Originally Posted by

**Soroban** Hello, MathBlaster47!

The first two are Combination problems, not Permutations.

There are: .$\displaystyle _{10}C_3 \:=\:{10\choose3} \:=\:\frac{10!}{3!\,7!} \:=\:120$ ways to choose 3 women.

There are: .$\displaystyle _8C_3 \:=\:{8\choose3} \:=\:\frac{8!}{3!\,5!} \:=\:56$ ways to choose 3 men.

Therefore, there are: .$\displaystyle 120\cdot56 \:=\:6720$ committees with 3 women and 3 men.

There are: .$\displaystyle _{16}C_2 \:=\:{16\choose2} \:=\:\frac{16!}{2!\,14!} \:=\:120 $ possible two-marbles samples.

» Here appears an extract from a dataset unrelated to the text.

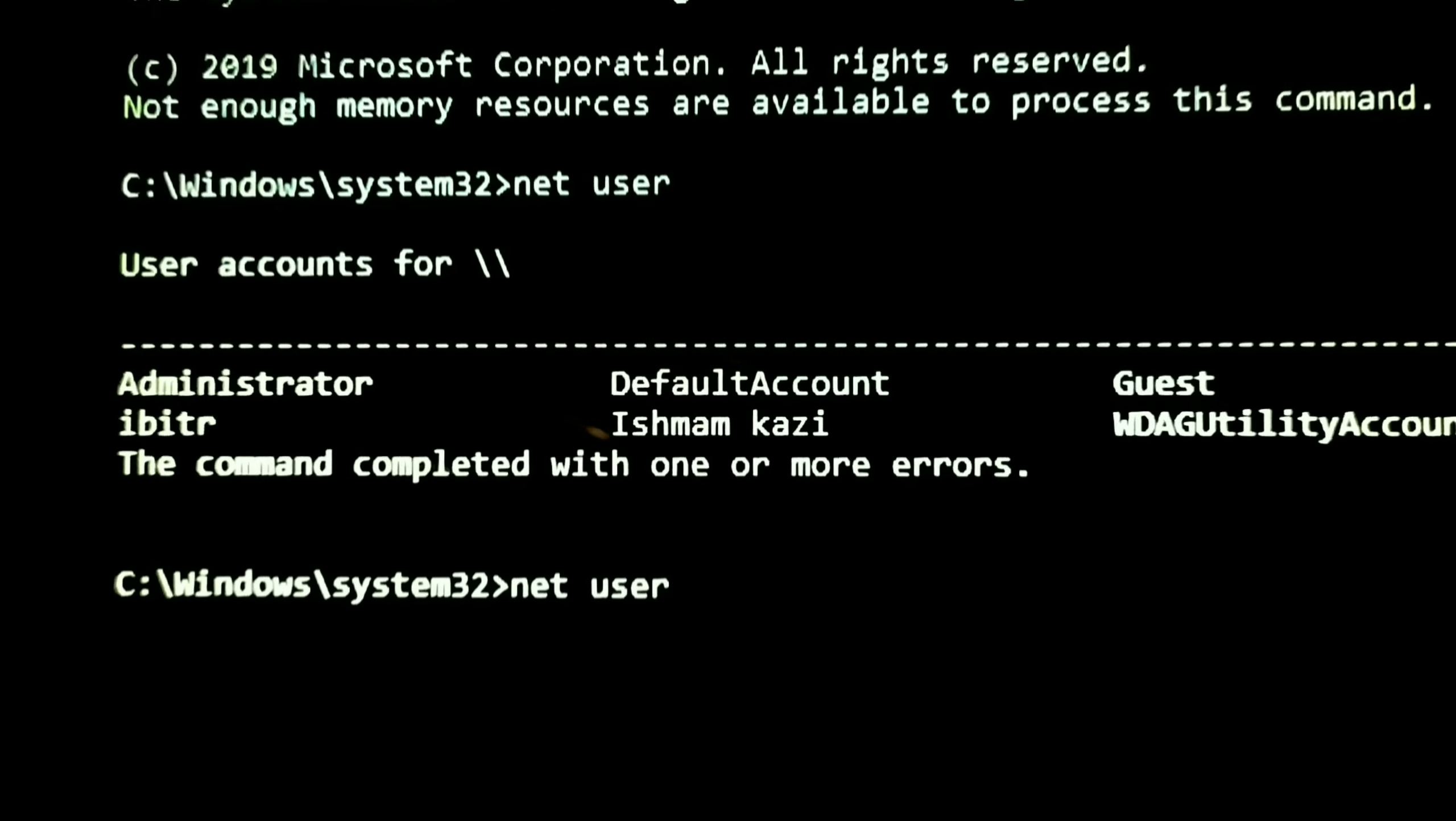This is my system and I forgot my administrator password. I cannot access to it. I am trying again. The password is incorrect again. The ease of access button at the middle is usually used for voice narrator and on screen keyboard. We are going to play a trick with this button. We are going to make a change.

There are: .$\displaystyle _6C_2 \:=\:{6\choose2} \:=\:\frac{6!}{2!\,4!} \:=\: 15$ ways to get two white marbles.

Therefore: .$\displaystyle P(\text{two whites}) \;=\;\frac{15}{120} \;=\;\frac{1}{8}$

It depends on *which* two rows are interchanged.

If the two rows are an *odd* number of rows apart,

. . the sign of the determinant is changed.

If the two rows are an *even* number of rows apart,

. . the value of the determinant is unchanged.